• Task objective: From the material below, reproduce exactly the stretch of lines that begins with the line holding "image-komik-obsessive-romance-bother-you-chapter-09-32/45" and ends with the line holding "CSI: Vegas – CSI: Vegas (2013)", skipping the pictures.

:: Dataset extract

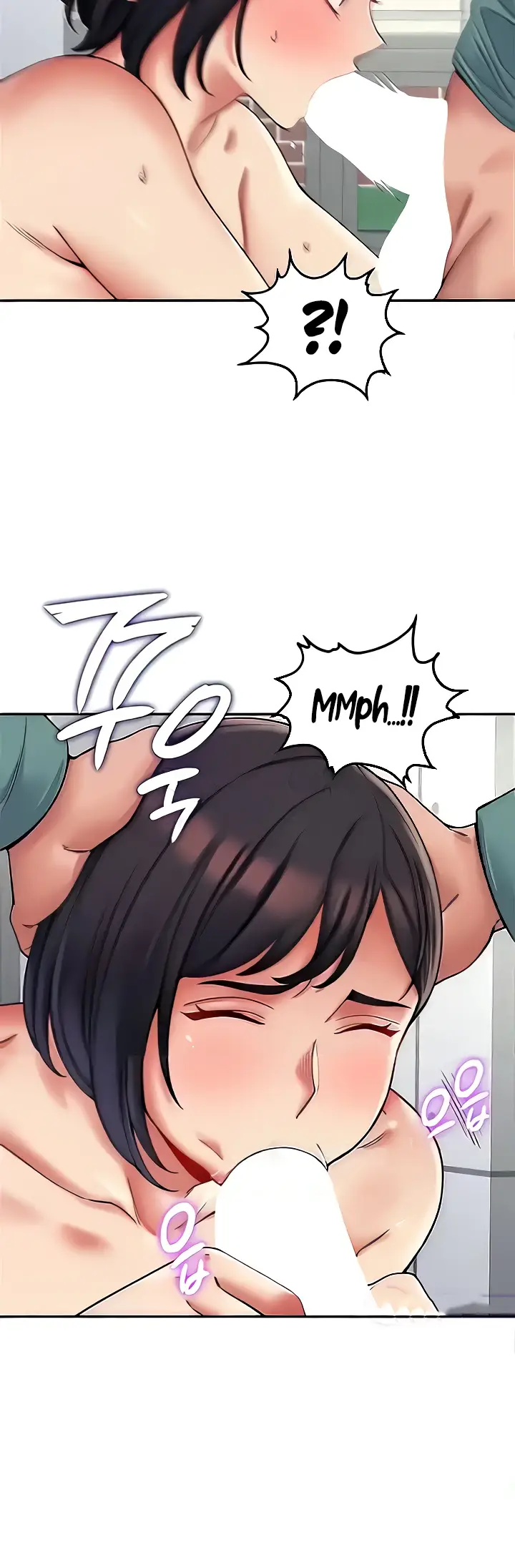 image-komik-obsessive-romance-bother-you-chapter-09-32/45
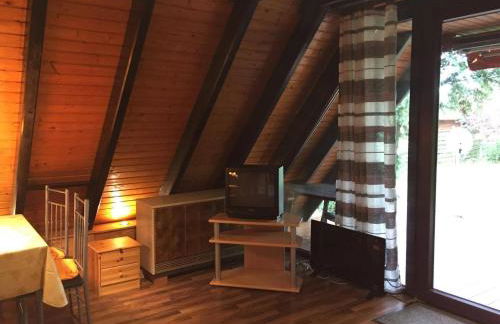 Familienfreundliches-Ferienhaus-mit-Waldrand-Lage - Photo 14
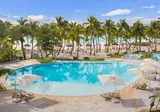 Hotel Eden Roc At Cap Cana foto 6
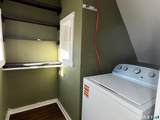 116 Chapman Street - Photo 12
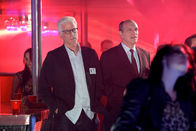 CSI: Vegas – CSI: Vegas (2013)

::::
:: Dataset extract

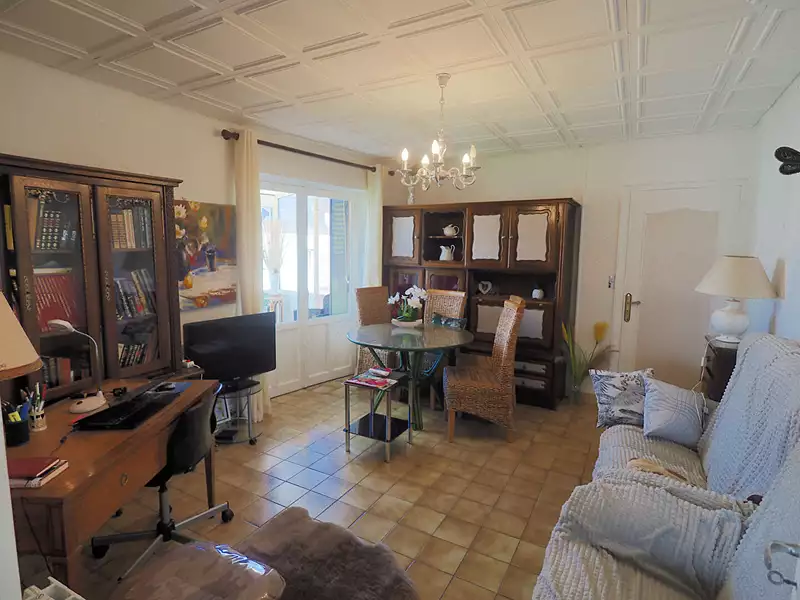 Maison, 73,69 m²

::::

• Response below:
 image-komik-obsessive-romance-bother-you-chapter-09-32/45
 Familienfreundliches-Ferienhaus-mit-Waldrand-Lage - Photo 14
 Hotel Eden Roc At Cap Cana foto 6
 116 Chapman Street - Photo 12
 CSI: Vegas – CSI: Vegas (2013)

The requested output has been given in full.